Deficit-focused interpretation of behavior. Students who exhibit behaviors rooted in cultural expression, historical distrust of institutions, or responses to discrimination may be assessed through a behavioral-deficit lens rather than a culturally responsive one. What reads as a behavioral or learning problem to one teacher may be a normal variation in a different cultural context.
Under-resourced Tier 1 and Tier 2 instruction. IPP placement is supposed to be a last resort, after Tier 1 (universal) and Tier 2 (focused) interventions have been tried and documented. For students who didn't receive culturally responsive teaching at Tier 1, the failure at that level may not be the student's — it may be the curriculum delivery's. Moving to an IPP without addressing the Tier 1 failure compounds the inequity.

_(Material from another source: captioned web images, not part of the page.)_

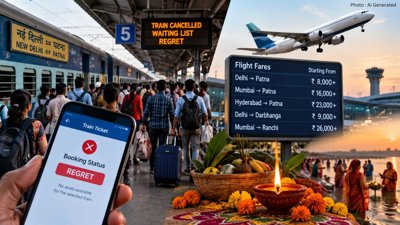 Diwali-Chhath Travel: Train Tickets Show ‘Regret’ as Flight Fares Cross ₹26,000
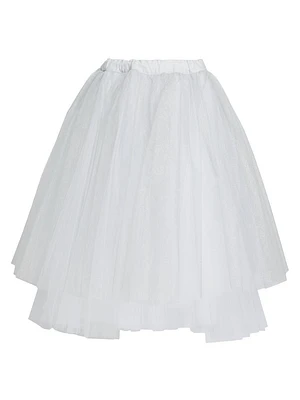 Tulle Metallic Midi-Skirt
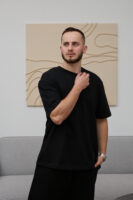 Чоловіча базова футболка з бавовни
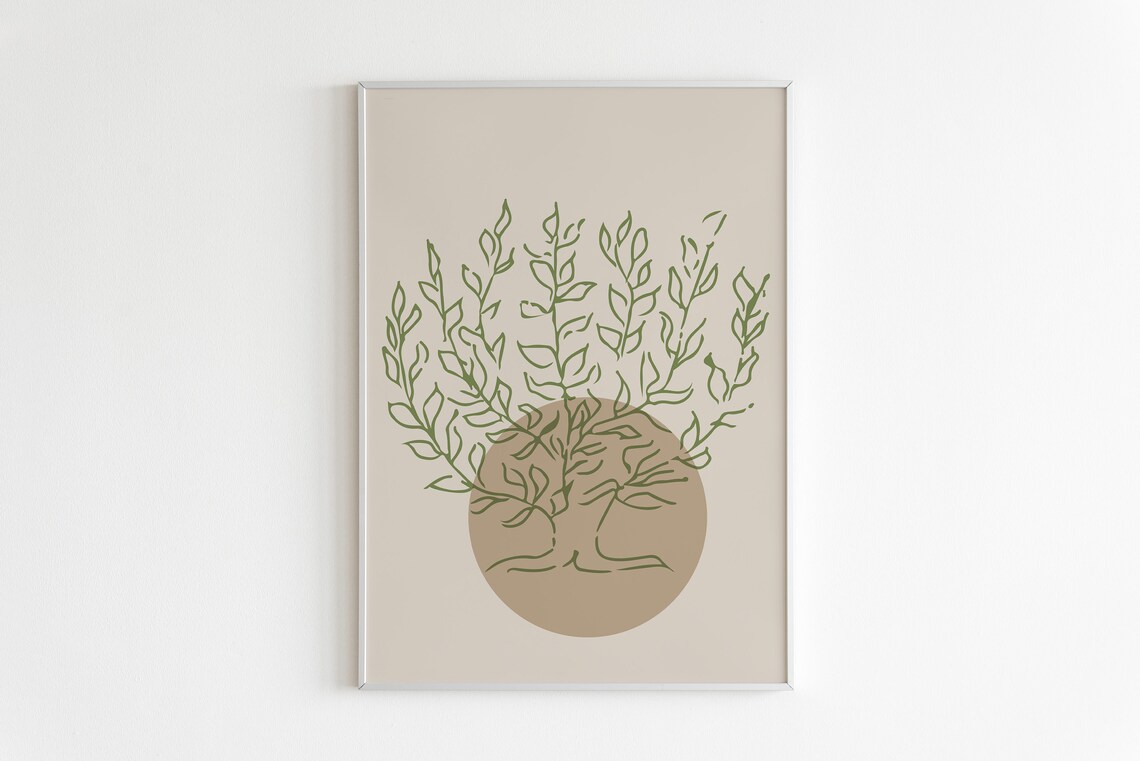 Tree Print Matisse Print Minimalist Art Wall Art Wall Art Instant Art Collection Art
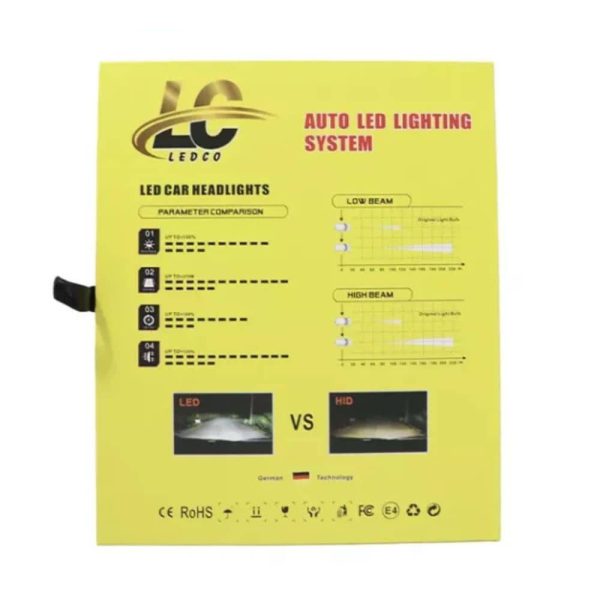 هدلایت LC Ledco K35 H7 نمای پشت محصول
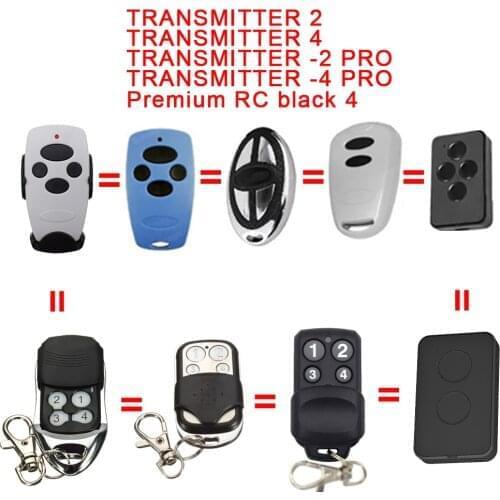 Newest DOORHAN Remote Control DOORHAN TRANSMITTER 4 433MHz DOORHAN TRANSMITTER 2 PRO Remote Control for Gate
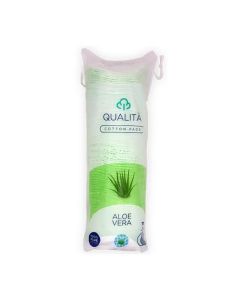 Qualita Makeup Removal Cotton Pads Aloe Vera - 70pcs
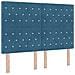 Letto con contenitore e materasso Blu Scuro 140 x 200 cm - Foto miniatura 4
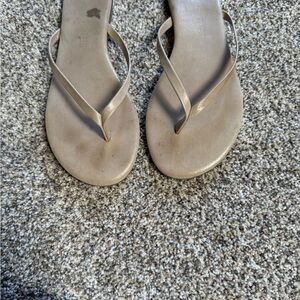 TKEES Women's gold Sandals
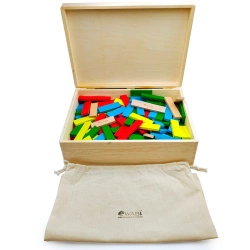 Wooden planks blocks WABI Planks Edu Box [8+12 cm] - 200 pcs.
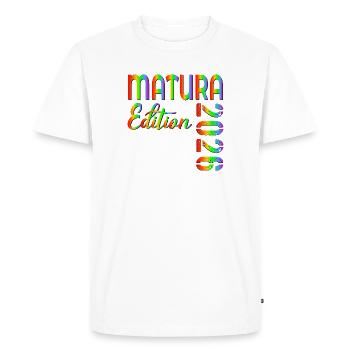 MATURA 2026 ARC-EN-CIEL - T-shirt Premium bio Homme - blanc - Devant - Nico (187cm)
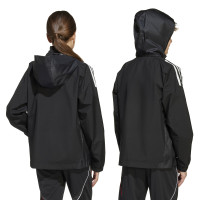 adidas Ajax All-Weather Jack 2025-2026 Kids Zwart Wit Rood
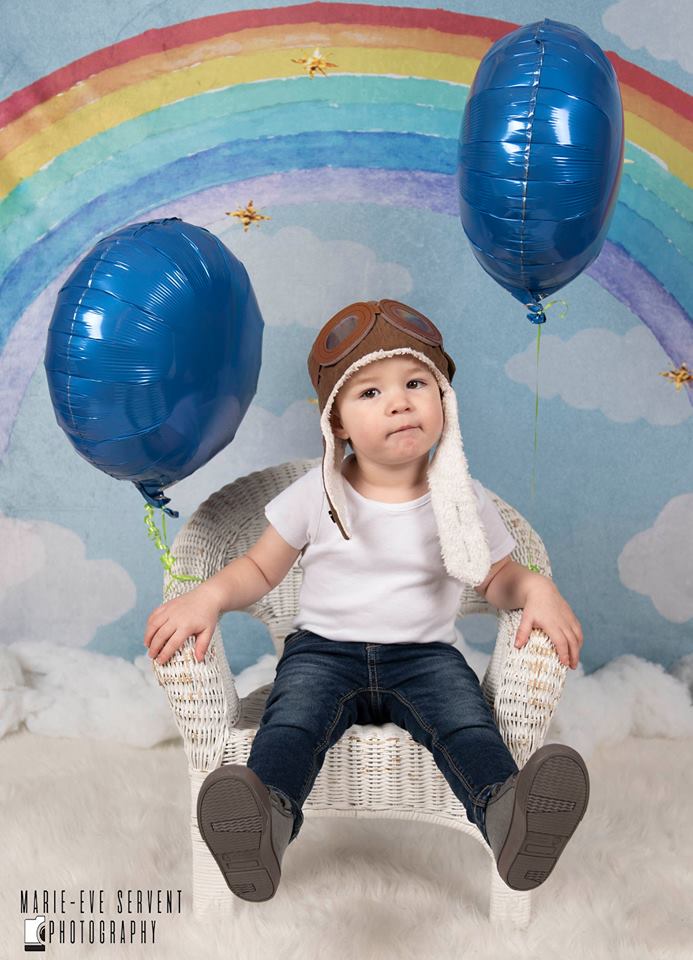 Kate Rainbow clouds and dreams Backdrop Children -UK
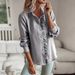 New 2026 Cross-border European American In-stock Women's Autumn Shirt Cardigan With Ruffled Long And Puff Sleeves_ecoleips.com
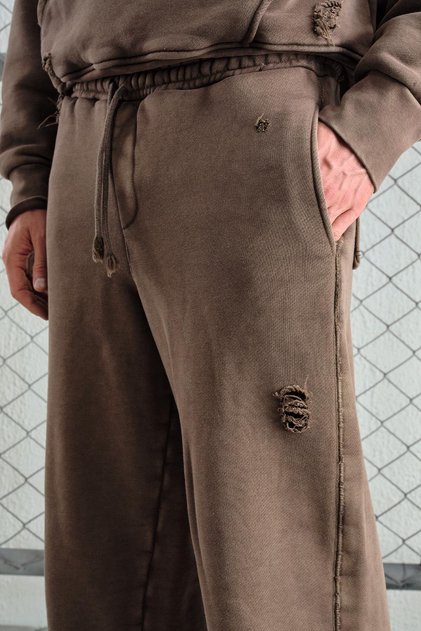 Effective Washable Jogger Brown Pants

School-to-prison pipeline dynamics. Racialized students who are placed on IPPs due to behavioral concerns, rather than documented learning or cognitive needs, may face a pathway that limits post-secondary options and creates long-term disadvantage.
The Province's Response
Nova Scotia's Department of Education has acknowledged the overrepresentation problem and launched a formal equity assessment of IPP placements. The stated goal is to "disrupt" the automatic pipeline to IPP for African Nova Scotian and Indigenous students by:
- Requiring that Tier 1 and Tier 2 interventions use explicitly culturally and linguistically responsive pedagogy before IPP referral
- Mandating involvement of the RCE's Coordinator of African Canadian Education Services or Coordinator of Mi'kmaw Education Services in IPP planning meetings for affected students
- Ensuring that cultural differences are not misdiagnosed as cognitive deficits in the assessment process
These are policy commitments. Whether they're being implemented consistently at the school level — and whether individual families are aware they can invoke them — is a separate question.
Mi'kmaw Kina'matnewey and Band-Operated Schools
For Mi'kmaw students attending on-reserve schools under Mi'kmaw Kina'matnewey (MK) agreements, the educational authority structure is different. MK manages education for more than 7,800 on-reserve students and maintains a network of educators with cultural and linguistic knowledge that provincial schools often lack.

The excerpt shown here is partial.